Circuit Court of Appeals, Second Circuit
Apr 6, 1936
83 F.2d 202 (2d Cir. 1936)

Opinion

No. 289.

April 6, 1936.

Appeal from the District Court of the United States for the Southern District of New York.

In the Matter of the United Cigar Stores Company of America, debtor. From an order disallowing and expunging ninety-four claims, in so far as they were for future rent, filed by lessors against the estate of the debtor in reorganization proceedings under section 77B of the Bankruptcy Act (11 U.S.C.A. § 207), the Joseph E. Otis Estate Land Trust, and others appeal, the Irving Trust Company, as trustee, and others being named as appellees.

Affirmed.

Ernst Gale, Bernays Falk, of New York City (Murray C. Bernays and Henry Gale, both of New York City, of counsel), for estate of Grey and estate of Clarke.

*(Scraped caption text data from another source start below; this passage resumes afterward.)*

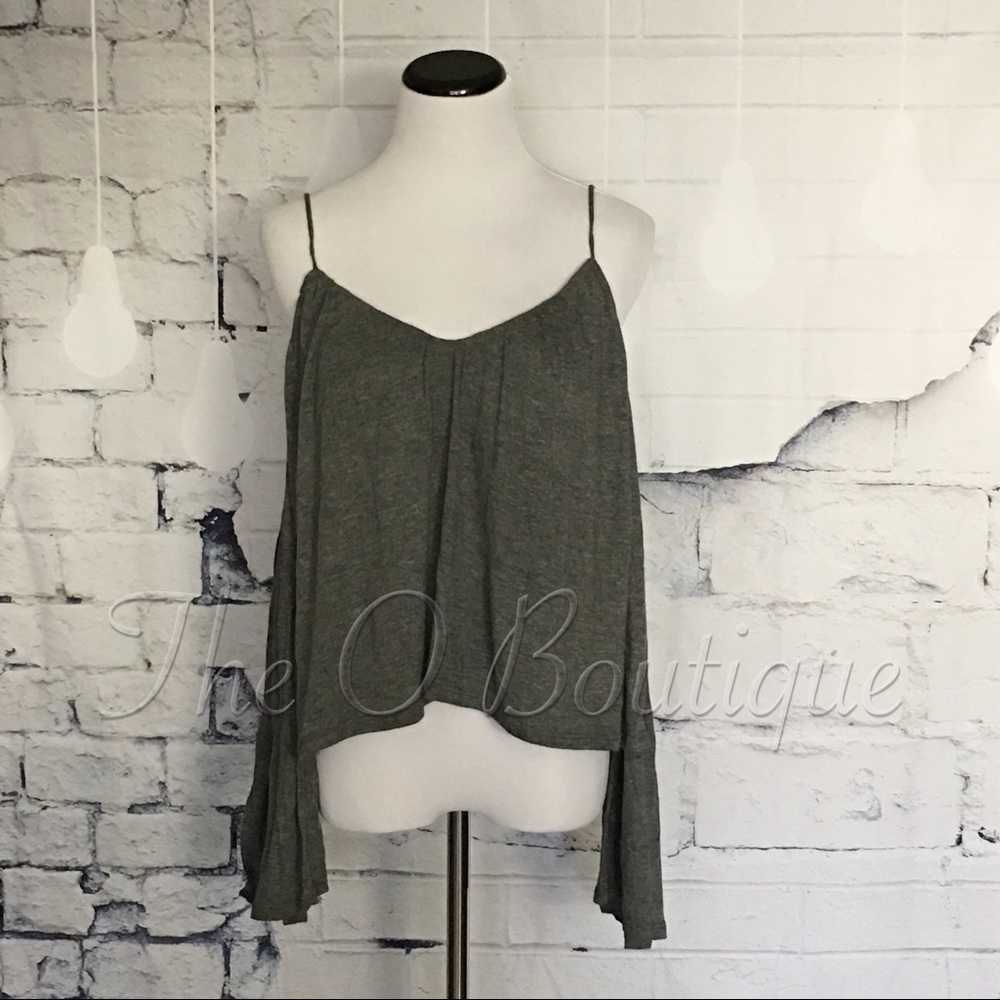 ๐CLEARANCE๐ Gray Cold Shoulder Bell Sleeve Top - Picture 3 of 4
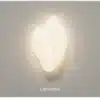 Pilvekujuline LED sisevalgusti seinal, valge pehme valgus taustal, mis loob hubasust.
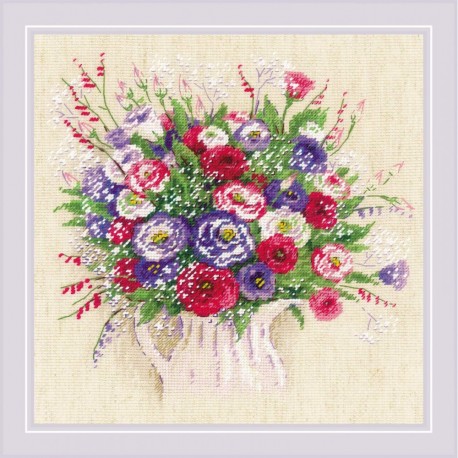 Bouquet with Eustoma and Gypsophila cross stitch kit by RIOLIS Ref. no.: 1947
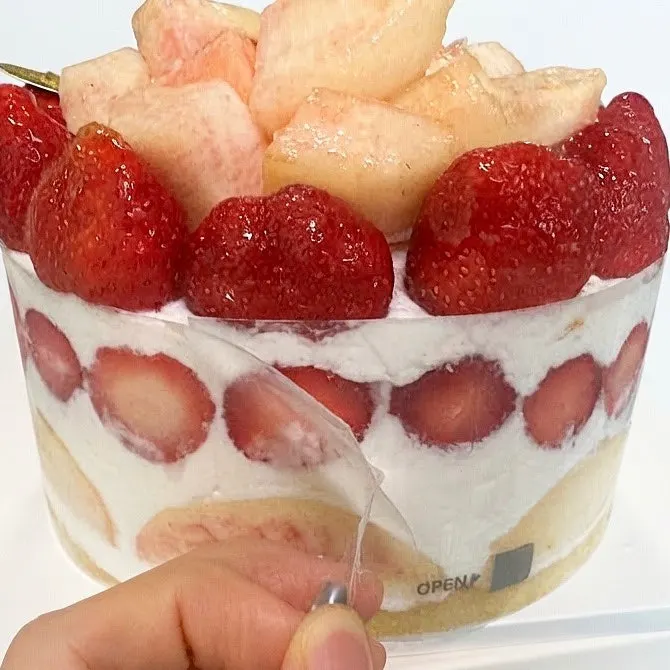 Generous fruit topping on the cake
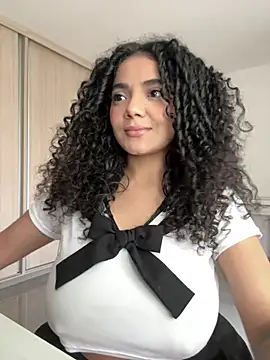 Curlyierr live cam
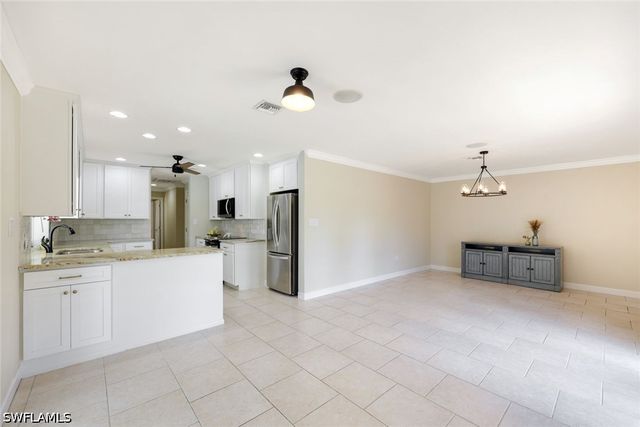 169 Baltusrol DR, Naples, FL 34113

Gould Wilkie, of New York City (R.L. von Bernuth and D.L. Bugg, both of New York City, of counsel), for General Society of Mechanics and Tradesmen.

Olney Comstock, of New York City (Irving Smith, Jr., of New York City, of counsel), for Boswell estate.

Clark, Carr Ellis, of New York City (Joseph F. Mann, of New York City, of counsel), for Arthur D. Hill.

John B. Doyle, of New York City, for Henry J. Sontag and others.

Curtis, Mallett-Prevost, Colt Mosle, of New York City (Dudley B. Bonsal, of New York City, of counsel), for Beer Realty Co., and Lindner, Inc.

Middlebrook Sincerbeaux, of New York City (W.E. Shrewsbury, of New York City, of counsel), for estate of Charles Frederick Hoffman.

Lampke Stein, of New York City (James A. Berry, Jr., of New York City, of counsel), for Adele Rosenthal.

David W. Kahn and Joseph H. Kohan, both of New York City, for Charles E. Nauss and others.

Gilbert, Diamond Brandeis, of New York City, and Solomon E. Harrison and Benjamin I. Morris, both of Chicago, Ill. (Milton Diamond, Susan Brandeis, Emanuel Feldberg, and Benjamin Pollack, all of New York City, of counsel), for appellants.

Shearman Sterling and Berle Berle, all of New York City, for appellees herein, Preferred Stockholders' Protective Committee.

Milbank, Tweed, Hope Webb, of New York City (Sanford H.E. Freund, H. Struve Hensel, Winthrop H. Kellogg, and Douglas B. Steimle, all of New York City, of counsel), for Phœnix Securities Corporation, intervener herein and owner of a substantial number of shares of preferred stock of the debtor.

Mitchell, Taylor, Capron Marsh, of New York City, for Landlords' Protective Committee.

Cravath, de Gersdorff, Swaine Wood, of New York City (Wm. D. Whitney, Donald C. Swatland, and R.L. Gilpatric, all of New York City, of counsel), for reorganization trustee.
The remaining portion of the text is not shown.